Matthieu 11, 2-11 – Dépasser nos doutes

Dans notre époque de crise économique et morale, alors que les problèmes de toutes sortes touchent de plus en plus de gens, on sent une aspiration à ce que les choses changent.

Il y a deux mille ans, les juifs étaient eux aussi confrontés à des problèmes de toutes sortes, même s’ils n’avaient pas grand-chose de commun avec ceux que nous avons aujourd’hui. Cela faisait longtemps que les prophètes de l’Ancien Testament avaient annoncé la venue d’un Messie qui ferait disparaître tous les problèmes. Les juifs l’attendaient avec une grande ferveur. Lorsqu’il viendrait, le Messie devait avoir droit à tous les honneurs ; il devait être annoncé solennellement par un précurseur, qui dirait au peuple : « Voici le Messie, inclinez-vous devant lui ».

Ce précurseur, les juifs imaginaient que ce serait le prophète Elie, qui n’était pas mort, mais qui s’était élevé dans le ciel entraîné par un charriot et des chevaux de feu.

Elie n’est pas venu. Et pourtant Jésus en tant que Messie a bien été annoncé : pour les Evangiles c’est Jean-Baptiste qui a joué ce rôle.

Le peuple plaçait dans le Messie toute son espérance. Jean-Baptiste était celui qui avait reconnu et annoncé le Messie ; le Messie, c’était Jésus, cela ne faisait aucun doute. De lui, Jean-Baptiste attendait ce qu’il appelait le baptême de feu.

Il ne faut pas se méprendre : dans l’esprit de Jean-Baptiste, le baptême de feu, c’était quelque chose d’assez terrifiant : le baptême de feu impliquait un grand nettoyage purificateur qui ferait le tri entre les bons et les méchants.

Malgré son message sans concessions – ou peut-être grâce à ce message sans concession – Jean-Baptiste était très populaire ; comme Jésus, il avait de nombreux disciples, au point qu’il aurait pu y avoir une concurrence entre leurs deux mouvements.

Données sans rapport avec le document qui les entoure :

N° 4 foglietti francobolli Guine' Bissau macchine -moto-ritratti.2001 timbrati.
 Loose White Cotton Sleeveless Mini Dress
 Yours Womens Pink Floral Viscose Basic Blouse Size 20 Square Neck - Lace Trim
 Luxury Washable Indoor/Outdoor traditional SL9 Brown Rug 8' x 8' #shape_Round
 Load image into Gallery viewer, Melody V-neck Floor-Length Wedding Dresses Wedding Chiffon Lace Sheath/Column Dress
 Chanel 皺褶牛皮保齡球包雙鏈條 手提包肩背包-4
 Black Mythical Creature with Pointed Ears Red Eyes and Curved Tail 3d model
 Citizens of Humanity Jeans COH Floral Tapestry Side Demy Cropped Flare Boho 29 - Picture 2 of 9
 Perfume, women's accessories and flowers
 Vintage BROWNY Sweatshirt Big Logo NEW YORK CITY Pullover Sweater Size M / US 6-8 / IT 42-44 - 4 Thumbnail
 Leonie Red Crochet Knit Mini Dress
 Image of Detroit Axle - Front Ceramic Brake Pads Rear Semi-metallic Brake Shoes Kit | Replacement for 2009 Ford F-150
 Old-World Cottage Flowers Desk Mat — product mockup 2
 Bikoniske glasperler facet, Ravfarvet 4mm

Oui, Jean-Baptiste avait suscité une grande espérance dans le peuple. Et puis il y a ce coup d’arrêt brutal : l’arrestation et l’emprisonnement de Jean-Baptiste, une chose impensable et qui fait s’écrouler tous les espoirs.

Maintenant que Jean-Baptiste est en prison, comme espoir il ne reste plus que Jésus. Mais lui, il ne semble pas vouloir faire le tri entre les bons et les méchants ; il ne fait pas non plus sortir Jean-Baptiste de sa prison. L’horizon d’un Royaume de Dieu visible et tangible paraît s’éloigner.

On peut comprendre la perplexité de Jean-Baptiste dans sa prison : « Es-tu celui qui doit venir ou devons-nous en attendre un autre ? »

La réponse de Jésus est pour le moins curieuse : il énumère les miracles qu’il fait. Son énumération est progressive : les aveugles, les boiteux, les lépreux et les sourds sont guéris ; puis il passe à quelque chose de plus fort encore : les morts ressuscitent ; mais il ne s’arrête pas là, il continue, et après les guérisons et les résurrections vient… la Bonne Nouvelle qui est annoncée aux pauvres.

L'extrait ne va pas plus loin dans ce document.